天台宗の恵心僧都源信(942~1017)が作者の名前に冠せられている『出家授戒作法』(『大日本仏教全書』第33巻所収)が存在している。無論、昨今の研究では、当作法書が本当に源信作かどうかについては、慎重な判断を求められるようになっているけれども、中世の天台宗が行っていた得度作法を伝えるものとして、貴重である。

それで、拙ブログの問題意識に基づいてこの作法書を読み解いてみるとどうなるか?記事にしてみたいと思う。

まず当作法書の差定としては、以下の通りである。

・準備
・四方洒水
・受者の四方礼拝
・剃髪
・法服被着(袈裟以外)
・三礼
・毀形唄
・薬師散華
・表白
・周羅の一結を剃除(ただし、周羅の一結とは表現されない)
・袈裟授与(法名授与含む。搭袈裟偈)
※以下、授戒
 三帰戒
 菩薩沙弥戒(従今身至仏身)
・四弘誓願
・回向


以上である。それで、特記すべきは、「袈裟授与」と「菩薩沙弥戒」である。まず前者の一節については以下の通りである。

次に出家者、手に袈裟を捧ぐ。和上三度、出家者の頂上に置く。即ち衣を著け、法名を与う。

ここで、「法名授与」が行われている。道元禅師の『出家略作法』では「法名授与」が無いため、その差異が際立つ所ではある。それから、この時に授けている「袈裟」の種類についても興味は湧くが、よく分からない。しかし、当作法書では、比丘ではなくて「沙弥」にしていることとなる。

何故ならば、三帰戒の後で授けられるのが「菩薩沙弥戒」だからである。ただし、この時の戒本について、本書では「今、此の十種波羅提木叉は、是れ釈迦牟尼如来己心中の法、仏法の根本なり」とあって、多分に『梵網経』が前提されているような雰囲気はあるのだが、では「菩薩沙弥戒」として挙げられている十条は、「不殺生・不偸盗・不婬欲・不妄語・不飲酒・不説過・不自賛毀他・不慳貪・不瞋恚・不謗三宝」となっている。これは、一般的な「沙弥十戒」とは相違している。

また、『梵網経』の場合、十重禁戒は「不飲酒」では無くて「不酤酒」のはずだが、それも相違している。よって、『梵網経』を基本にしつつ、独自の沙弥戒を授けていたということになるだろうか。

後、拙僧的に気になるのは、「懺悔」と「三聚浄戒」の位置付けである。両方とも見えない。「沙弥戒」は正式な授戒ではないとも判断出来るから、「懺悔」をせずに「沙弥戒」授与のみ行ったということか。それから、「三聚浄戒」については、或る意味で菩薩戒の根本だと思うのだが、『梵網経』本来は無いため、その形に近いともいえるか。
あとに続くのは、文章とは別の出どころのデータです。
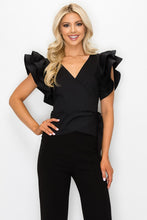 Wrap Top With Cap Sleeves - Black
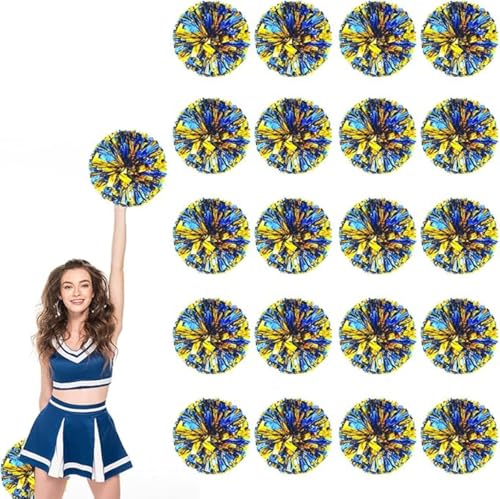 20pcs Metallic Cheerleading Pom Poms, Cheerleader Poms mit Schlägergriff, für Schule Tanz Sport Team Geist Jubeln (Blaues Gold) von AQYSHU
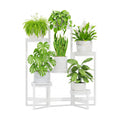 iDavosic.ly Plant Stand Indoor Outdoor, 6 Tier Iron Corner Shelf, White | Tiered Tall Flower Display Holder, Folding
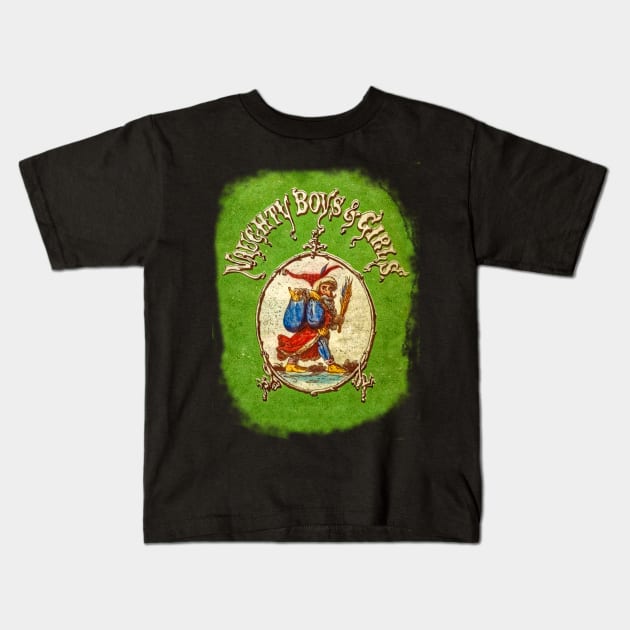 naughty boys and girls - vintage art Kids T-Shirt by stevepaint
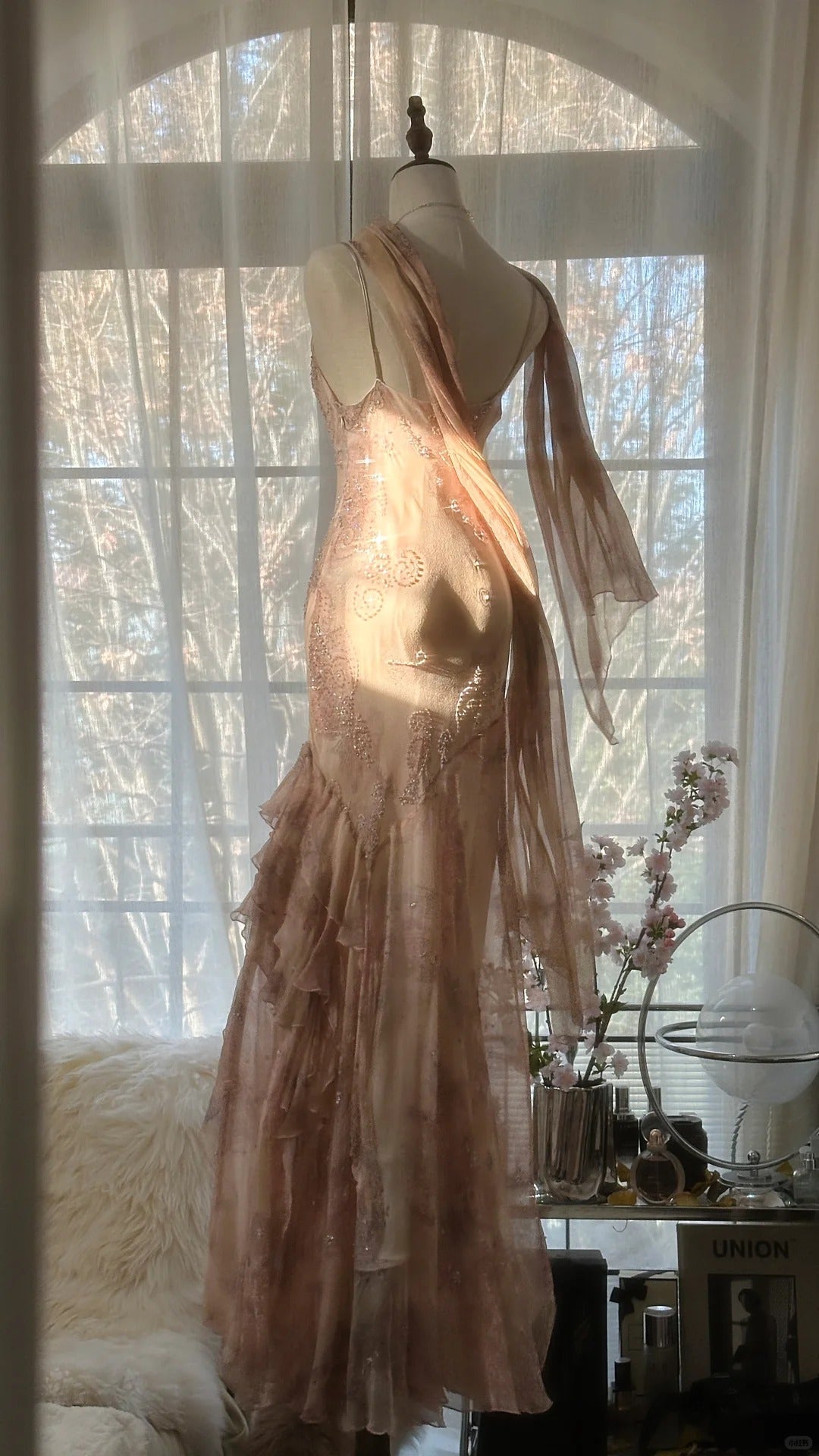 Cute Pink Shoulder Strap Flowing Ribbon Chiffon Beaded Long Prom Dress P3333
よって、繰り返しになるが、本書は出家者を「菩薩沙弥」にするための儀式であることが分かる。また、「法名授与」について明記されていることも注目しておきたい。そして、鎌倉時代の祖師方の出家にも活用されたものなのかどうか、その辺の検討を進める際にも参考になるといえよう。